**WORK INSTRUCTION:**
The expected output is the set of lines below beginning at the one that contains "young man with" and ending at the final line, reproduced exactly.

Records from a dataset:

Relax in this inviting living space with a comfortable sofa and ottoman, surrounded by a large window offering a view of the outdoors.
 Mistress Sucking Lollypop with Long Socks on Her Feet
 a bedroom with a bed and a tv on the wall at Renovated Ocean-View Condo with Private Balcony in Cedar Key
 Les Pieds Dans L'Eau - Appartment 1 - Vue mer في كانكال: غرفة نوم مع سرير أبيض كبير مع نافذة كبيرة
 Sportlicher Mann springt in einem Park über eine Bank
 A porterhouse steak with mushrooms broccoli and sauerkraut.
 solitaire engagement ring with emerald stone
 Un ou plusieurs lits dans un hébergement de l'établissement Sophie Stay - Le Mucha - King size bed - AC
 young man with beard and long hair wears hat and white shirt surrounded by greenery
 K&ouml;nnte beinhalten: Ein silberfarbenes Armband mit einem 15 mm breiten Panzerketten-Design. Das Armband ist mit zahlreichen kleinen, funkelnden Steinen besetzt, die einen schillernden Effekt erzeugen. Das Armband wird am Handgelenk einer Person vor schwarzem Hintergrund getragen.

**SOLUTION:**
 young man with beard and long hair wears hat and white shirt surrounded by greenery
 K&ouml;nnte beinhalten: Ein silberfarbenes Armband mit einem 15 mm breiten Panzerketten-Design. Das Armband ist mit zahlreichen kleinen, funkelnden Steinen besetzt, die einen schillernden Effekt erzeugen. Das Armband wird am Handgelenk einer Person vor schwarzem Hintergrund getragen.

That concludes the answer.